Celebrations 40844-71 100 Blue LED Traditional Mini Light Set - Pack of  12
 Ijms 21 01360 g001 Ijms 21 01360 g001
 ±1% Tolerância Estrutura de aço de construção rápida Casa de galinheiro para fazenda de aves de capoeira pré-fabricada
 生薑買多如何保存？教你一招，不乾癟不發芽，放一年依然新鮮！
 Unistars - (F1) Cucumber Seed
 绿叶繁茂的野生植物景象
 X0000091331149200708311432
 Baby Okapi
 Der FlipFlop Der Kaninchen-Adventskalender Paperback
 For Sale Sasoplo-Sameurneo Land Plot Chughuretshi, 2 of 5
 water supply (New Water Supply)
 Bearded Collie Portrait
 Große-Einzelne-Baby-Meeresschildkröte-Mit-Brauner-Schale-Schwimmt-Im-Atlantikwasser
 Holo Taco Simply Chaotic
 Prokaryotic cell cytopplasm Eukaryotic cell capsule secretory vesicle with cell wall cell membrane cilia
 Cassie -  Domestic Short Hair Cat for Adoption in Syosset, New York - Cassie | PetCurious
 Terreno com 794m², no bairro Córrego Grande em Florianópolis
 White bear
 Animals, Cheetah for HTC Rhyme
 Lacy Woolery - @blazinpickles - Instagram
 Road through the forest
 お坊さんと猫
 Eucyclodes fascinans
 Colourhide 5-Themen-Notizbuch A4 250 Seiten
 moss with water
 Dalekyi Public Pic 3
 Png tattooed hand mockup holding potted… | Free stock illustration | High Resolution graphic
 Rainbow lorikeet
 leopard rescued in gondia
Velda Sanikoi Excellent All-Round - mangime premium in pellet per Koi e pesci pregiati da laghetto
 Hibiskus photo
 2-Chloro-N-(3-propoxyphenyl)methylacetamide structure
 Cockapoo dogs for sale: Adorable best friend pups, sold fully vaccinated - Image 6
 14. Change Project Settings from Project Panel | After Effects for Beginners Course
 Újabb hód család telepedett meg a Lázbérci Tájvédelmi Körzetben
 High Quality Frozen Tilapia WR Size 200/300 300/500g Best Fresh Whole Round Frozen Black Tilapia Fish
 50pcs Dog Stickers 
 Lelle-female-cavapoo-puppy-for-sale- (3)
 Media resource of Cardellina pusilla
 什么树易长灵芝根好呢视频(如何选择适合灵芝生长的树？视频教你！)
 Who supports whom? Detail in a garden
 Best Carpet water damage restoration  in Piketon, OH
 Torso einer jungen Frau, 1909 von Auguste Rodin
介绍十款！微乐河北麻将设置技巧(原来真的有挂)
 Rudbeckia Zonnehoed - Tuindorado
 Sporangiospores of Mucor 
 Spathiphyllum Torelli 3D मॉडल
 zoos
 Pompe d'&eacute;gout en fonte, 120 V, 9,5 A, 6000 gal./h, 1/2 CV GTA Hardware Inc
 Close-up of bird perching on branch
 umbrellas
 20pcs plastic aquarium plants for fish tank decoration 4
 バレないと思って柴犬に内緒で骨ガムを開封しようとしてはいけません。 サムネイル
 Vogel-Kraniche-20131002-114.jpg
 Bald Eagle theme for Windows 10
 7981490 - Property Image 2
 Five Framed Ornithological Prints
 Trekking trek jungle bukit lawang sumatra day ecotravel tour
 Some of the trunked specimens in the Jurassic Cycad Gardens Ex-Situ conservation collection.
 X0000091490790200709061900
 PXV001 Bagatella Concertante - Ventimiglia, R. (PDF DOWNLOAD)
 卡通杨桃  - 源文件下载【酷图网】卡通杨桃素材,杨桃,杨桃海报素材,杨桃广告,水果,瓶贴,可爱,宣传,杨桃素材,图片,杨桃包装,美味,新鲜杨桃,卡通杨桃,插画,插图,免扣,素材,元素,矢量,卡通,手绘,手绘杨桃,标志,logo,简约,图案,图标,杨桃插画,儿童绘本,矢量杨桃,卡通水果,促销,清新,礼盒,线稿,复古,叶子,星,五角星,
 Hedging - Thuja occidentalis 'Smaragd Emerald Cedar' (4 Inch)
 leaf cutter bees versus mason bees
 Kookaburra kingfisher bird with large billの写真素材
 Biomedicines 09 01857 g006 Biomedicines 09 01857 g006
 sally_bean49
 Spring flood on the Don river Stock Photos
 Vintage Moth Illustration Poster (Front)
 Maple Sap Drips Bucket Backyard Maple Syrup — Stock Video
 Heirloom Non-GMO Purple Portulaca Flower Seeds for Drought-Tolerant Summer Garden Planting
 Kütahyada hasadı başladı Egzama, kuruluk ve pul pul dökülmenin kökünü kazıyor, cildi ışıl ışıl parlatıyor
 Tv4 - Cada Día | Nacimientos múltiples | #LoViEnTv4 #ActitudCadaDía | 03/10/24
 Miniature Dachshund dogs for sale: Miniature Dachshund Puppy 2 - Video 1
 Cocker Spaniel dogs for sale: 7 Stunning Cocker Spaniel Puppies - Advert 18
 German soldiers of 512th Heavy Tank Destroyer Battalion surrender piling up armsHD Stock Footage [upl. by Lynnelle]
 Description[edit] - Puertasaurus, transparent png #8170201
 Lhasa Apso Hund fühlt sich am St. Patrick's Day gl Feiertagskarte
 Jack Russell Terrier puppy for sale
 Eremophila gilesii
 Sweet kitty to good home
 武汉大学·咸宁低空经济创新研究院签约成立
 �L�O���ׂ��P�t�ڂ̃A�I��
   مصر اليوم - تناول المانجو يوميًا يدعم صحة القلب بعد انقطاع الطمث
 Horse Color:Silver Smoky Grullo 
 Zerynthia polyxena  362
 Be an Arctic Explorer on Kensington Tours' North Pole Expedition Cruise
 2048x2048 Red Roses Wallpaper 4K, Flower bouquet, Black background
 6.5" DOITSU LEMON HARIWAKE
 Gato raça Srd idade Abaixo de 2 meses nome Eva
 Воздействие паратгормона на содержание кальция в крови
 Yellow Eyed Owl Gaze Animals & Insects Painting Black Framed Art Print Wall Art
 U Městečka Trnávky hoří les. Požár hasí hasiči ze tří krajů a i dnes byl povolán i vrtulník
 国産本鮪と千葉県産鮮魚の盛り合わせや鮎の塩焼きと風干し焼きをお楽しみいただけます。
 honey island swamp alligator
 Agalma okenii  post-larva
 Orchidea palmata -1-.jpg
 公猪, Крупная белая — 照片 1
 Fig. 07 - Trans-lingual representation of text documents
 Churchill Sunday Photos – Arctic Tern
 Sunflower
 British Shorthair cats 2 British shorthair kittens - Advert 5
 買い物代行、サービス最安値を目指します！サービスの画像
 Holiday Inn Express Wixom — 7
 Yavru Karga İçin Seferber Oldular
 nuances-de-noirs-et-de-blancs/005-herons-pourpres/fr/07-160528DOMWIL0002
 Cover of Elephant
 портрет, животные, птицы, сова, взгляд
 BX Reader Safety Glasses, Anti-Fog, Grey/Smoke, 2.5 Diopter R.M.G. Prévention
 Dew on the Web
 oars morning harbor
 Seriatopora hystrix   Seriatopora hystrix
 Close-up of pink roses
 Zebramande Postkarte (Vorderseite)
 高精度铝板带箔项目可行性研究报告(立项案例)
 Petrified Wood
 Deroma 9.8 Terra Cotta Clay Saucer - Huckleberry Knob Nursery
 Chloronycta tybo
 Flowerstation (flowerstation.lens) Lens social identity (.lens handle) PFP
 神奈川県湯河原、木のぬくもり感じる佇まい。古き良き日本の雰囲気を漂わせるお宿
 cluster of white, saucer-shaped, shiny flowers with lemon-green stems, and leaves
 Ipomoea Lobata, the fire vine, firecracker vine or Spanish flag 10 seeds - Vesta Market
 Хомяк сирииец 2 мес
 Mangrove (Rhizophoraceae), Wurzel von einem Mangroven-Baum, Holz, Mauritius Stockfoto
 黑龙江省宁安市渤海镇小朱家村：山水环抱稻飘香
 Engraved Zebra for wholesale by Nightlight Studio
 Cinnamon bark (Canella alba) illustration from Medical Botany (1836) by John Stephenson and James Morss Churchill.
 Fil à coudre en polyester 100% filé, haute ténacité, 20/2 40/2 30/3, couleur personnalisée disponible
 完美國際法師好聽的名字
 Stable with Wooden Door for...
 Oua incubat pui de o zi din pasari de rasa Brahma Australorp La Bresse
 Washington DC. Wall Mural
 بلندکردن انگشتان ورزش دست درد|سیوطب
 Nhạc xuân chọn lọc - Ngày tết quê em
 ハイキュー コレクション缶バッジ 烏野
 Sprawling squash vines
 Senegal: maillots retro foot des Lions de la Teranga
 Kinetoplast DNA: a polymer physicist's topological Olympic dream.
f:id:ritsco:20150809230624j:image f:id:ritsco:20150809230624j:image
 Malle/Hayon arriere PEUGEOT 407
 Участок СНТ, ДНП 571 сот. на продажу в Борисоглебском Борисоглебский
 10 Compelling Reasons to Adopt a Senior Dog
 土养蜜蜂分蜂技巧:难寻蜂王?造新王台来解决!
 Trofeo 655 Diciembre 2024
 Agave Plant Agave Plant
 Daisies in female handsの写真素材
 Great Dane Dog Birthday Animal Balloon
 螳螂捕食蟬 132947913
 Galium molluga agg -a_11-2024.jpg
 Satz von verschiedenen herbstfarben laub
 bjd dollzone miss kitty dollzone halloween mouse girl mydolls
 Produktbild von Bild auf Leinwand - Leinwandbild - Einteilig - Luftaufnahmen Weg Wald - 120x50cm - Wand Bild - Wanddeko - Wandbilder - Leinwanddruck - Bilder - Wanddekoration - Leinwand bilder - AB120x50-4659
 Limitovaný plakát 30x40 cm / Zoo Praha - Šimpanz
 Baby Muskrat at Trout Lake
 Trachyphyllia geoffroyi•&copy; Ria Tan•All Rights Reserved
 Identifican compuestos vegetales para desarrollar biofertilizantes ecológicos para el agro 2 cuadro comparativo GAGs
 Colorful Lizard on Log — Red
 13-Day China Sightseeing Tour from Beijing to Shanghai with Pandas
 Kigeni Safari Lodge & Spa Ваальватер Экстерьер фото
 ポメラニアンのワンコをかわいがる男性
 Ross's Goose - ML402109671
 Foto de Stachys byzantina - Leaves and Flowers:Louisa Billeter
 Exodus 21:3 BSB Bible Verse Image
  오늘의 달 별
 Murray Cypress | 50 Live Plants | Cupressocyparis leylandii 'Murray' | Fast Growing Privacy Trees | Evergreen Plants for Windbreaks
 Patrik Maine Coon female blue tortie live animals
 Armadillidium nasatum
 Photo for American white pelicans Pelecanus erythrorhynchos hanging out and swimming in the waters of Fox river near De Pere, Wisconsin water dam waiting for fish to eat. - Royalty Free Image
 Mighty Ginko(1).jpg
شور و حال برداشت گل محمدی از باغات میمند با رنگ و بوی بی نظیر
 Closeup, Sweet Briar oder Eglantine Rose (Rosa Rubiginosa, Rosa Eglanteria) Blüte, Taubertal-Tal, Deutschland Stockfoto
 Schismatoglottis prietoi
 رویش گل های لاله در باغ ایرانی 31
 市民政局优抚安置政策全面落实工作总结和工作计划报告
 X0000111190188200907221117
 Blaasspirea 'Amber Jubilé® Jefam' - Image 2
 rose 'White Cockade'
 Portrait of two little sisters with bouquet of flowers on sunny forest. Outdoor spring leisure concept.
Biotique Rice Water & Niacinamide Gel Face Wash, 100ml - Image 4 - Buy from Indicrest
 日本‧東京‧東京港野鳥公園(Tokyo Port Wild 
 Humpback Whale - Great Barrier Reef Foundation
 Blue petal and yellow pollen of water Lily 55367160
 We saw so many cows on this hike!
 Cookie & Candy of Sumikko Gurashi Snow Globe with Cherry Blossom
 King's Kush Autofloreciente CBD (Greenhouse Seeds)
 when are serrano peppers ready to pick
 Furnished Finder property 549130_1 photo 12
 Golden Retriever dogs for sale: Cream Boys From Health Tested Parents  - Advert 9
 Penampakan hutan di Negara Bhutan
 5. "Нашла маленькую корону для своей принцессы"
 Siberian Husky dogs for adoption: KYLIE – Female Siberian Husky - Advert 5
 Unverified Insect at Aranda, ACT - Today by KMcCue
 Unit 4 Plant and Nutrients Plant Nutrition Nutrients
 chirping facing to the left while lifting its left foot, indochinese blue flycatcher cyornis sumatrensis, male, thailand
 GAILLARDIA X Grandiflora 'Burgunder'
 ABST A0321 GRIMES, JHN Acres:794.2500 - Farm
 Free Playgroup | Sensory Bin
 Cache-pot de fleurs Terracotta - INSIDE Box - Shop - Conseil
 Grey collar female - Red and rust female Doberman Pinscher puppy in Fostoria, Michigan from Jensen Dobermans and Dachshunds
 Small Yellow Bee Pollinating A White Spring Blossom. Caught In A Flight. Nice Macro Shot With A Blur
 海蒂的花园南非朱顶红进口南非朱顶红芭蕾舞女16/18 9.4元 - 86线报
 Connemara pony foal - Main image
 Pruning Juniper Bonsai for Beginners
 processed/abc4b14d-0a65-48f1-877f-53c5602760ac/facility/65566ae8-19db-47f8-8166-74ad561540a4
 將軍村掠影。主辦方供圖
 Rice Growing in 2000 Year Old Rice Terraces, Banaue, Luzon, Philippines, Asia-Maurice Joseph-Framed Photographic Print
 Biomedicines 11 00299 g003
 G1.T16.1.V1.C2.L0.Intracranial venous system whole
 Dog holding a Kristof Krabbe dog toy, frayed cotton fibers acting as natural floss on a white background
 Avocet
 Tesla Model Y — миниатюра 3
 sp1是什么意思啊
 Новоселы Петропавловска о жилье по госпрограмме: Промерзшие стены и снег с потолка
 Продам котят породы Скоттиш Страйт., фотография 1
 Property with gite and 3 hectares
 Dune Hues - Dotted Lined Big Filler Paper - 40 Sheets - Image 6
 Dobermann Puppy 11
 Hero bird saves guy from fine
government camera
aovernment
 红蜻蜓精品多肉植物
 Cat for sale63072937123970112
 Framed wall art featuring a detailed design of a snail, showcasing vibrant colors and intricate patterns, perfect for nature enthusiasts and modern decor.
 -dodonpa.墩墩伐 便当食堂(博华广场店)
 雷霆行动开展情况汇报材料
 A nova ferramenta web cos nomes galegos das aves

Requirement: Return a word-for-word copy of the lines from the beginning of the listing to the line holding "For Sale Sasoplo-Sameurneo", both kept.

Completed task:
Celebrations 40844-71 100 Blue LED Traditional Mini Light Set - Pack of  12
 Ijms 21 01360 g001 Ijms 21 01360 g001
 ±1% Tolerância Estrutura de aço de construção rápida Casa de galinheiro para fazenda de aves de capoeira pré-fabricada
 生薑買多如何保存？教你一招，不乾癟不發芽，放一年依然新鮮！
 Unistars - (F1) Cucumber Seed
 绿叶繁茂的野生植物景象
 X0000091331149200708311432
 Baby Okapi
 Der FlipFlop Der Kaninchen-Adventskalender Paperback
 For Sale Sasoplo-Sameurneo Land Plot Chughuretshi, 2 of 5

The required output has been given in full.